The ostensible material this week is Random Forests. They are a generalization of Classification/Regression Trees. No assignment for Monday; everything will be done in class. Redo the class material and hand it in on Wednesday (not Friday – we will go over the results in class.)

Here is the assignment for Wednesday, including the readings on Random Forests.  BDA18 Random Forest Assign May 2, 2018.

Here is the material used in class. BDA18 Random Forests2018B

The other agenda this week is to develop your skills in debugging. This is the key skill of writing code: figuring out what is wrong and how to fix it.

For Week 6, text mining. Here is the assignment for next Monday BDA18 Text mining #1 assign. (Short assignment handed in Sunday night.)
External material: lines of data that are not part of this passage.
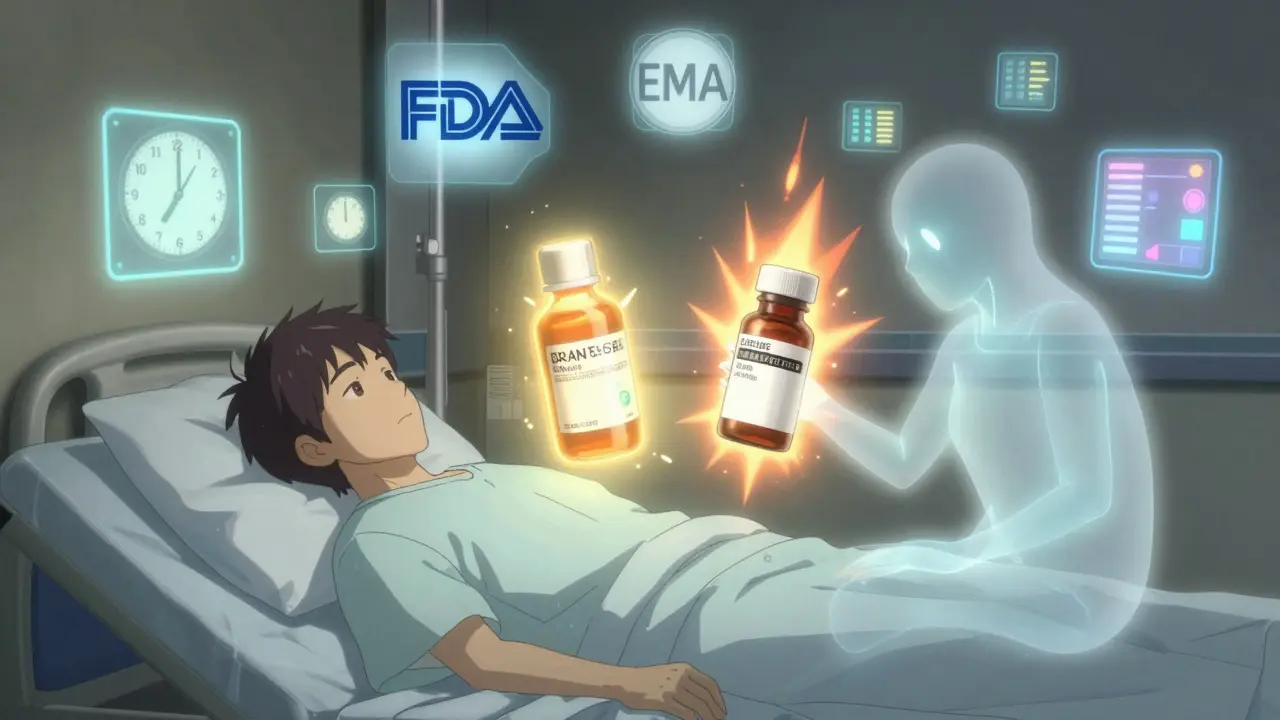 A patient surrounded by ghostly representations of brand and generic drugs, one steady, the other erratic.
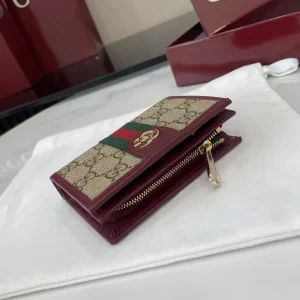 Gucci Ophidia迷你折疊鈕扣錢夾卡夾 GG老花 安可拉紅色牛皮 彩色織帶 838487 - Image 2
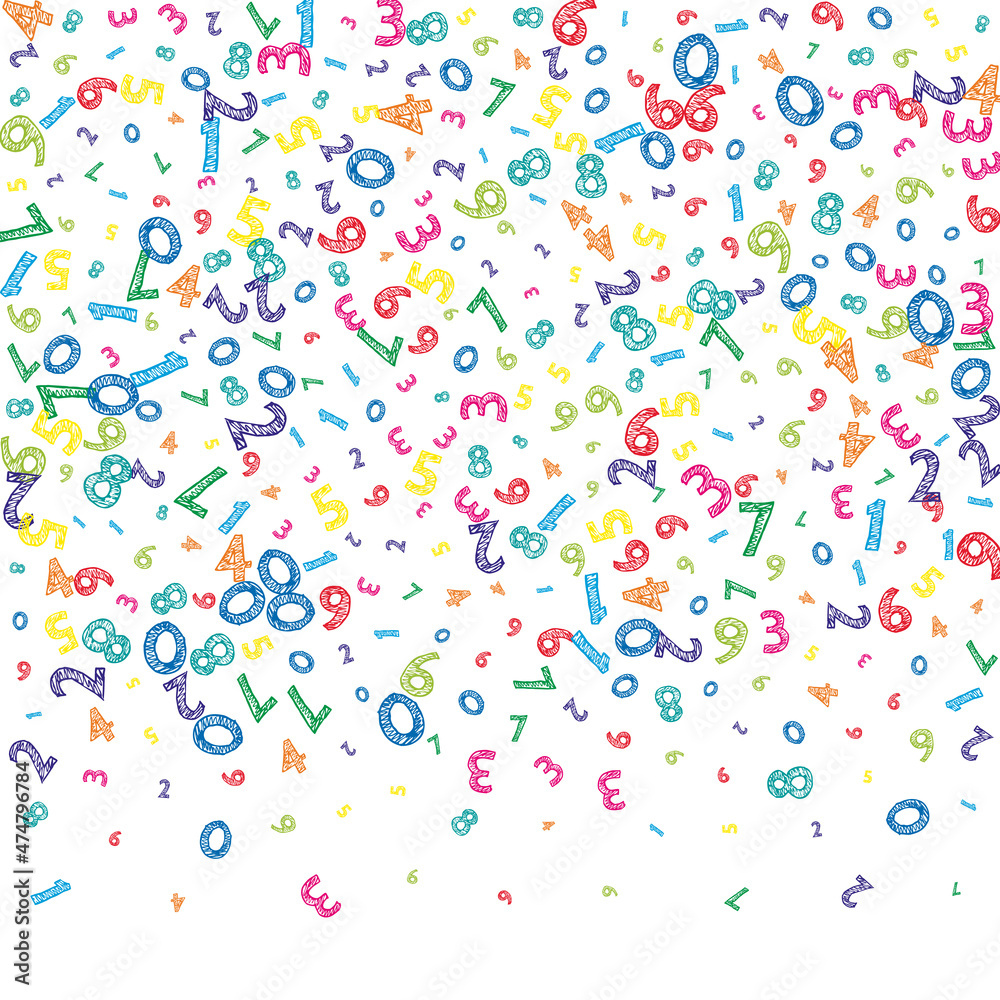 Falling colorful messy numbers. Math study concept with flying digits. Gorgeous back to school mathematics banner on white background. Falling numbers vector illustration.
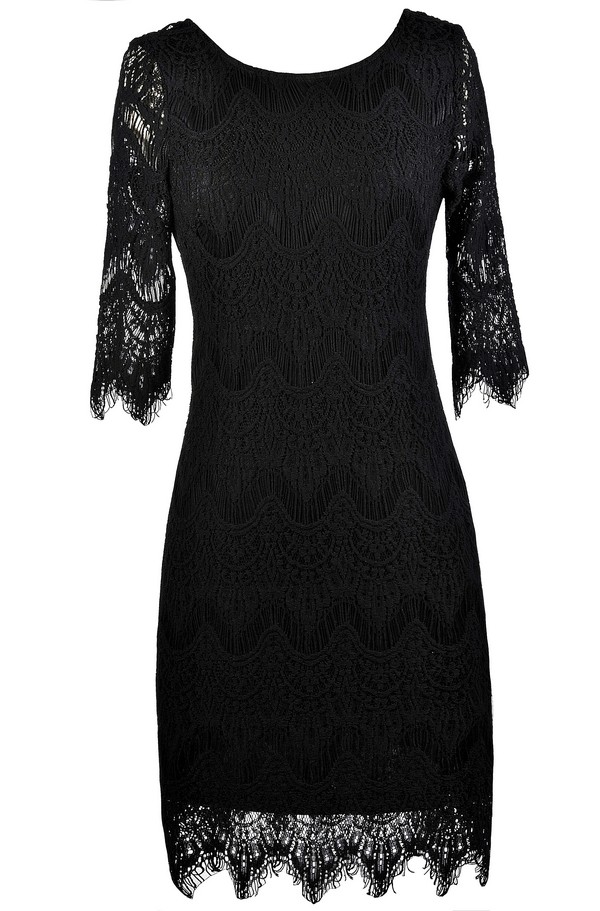 Black Lace Dress, Black Lace Sheath Dress, Cute Black Dress, Black Lace  Pencil Dress, Little Black Dress, Black Lace Party Dress, Black Lace Three  Quarter Sleeve Dress, Black Half Sleeve Lace Dress,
Playstation #SIE-PSN information

Information dissemination for Sony.

This page is only for BDA participants who are working with the Sony Playstation data set. The information flow will usually be:

SIE   ===> William ===> Professor ====> This page ====> Participants

Ground Rules for this Project

  • You must have signed an NDA and gotten it to William before getting any data. No exceptions. You must take the NDA seriously, including protecting the safety of electronic data.
  • For questions and information flow in the other direction, William will answer questions submitted by email. But expect 3 day responses, so mainly figure out answers on your own.
  • This project will require initiative on your part. Huge amounts of information relevant to the project are around, but you have to identify and locate it yourselves. Examples include thorough documentation for Adobe’s web statistics package, the structure of the web site itself, the meanings of the variables (many of which are standard Adobe material). You will deal with incomplete and occasionally even erroneous data.
  • Creativity and curiosity will be well rewarded. This is a great opportunity – take advantage of it.

Next steps

Write to me with confirmation that you did the NDA, and that both team members are willing and able to work on the project. I will send back the URL’s for the data. Write by team. Be sure to use hashtag   #SIE-PSN in all your email about this project.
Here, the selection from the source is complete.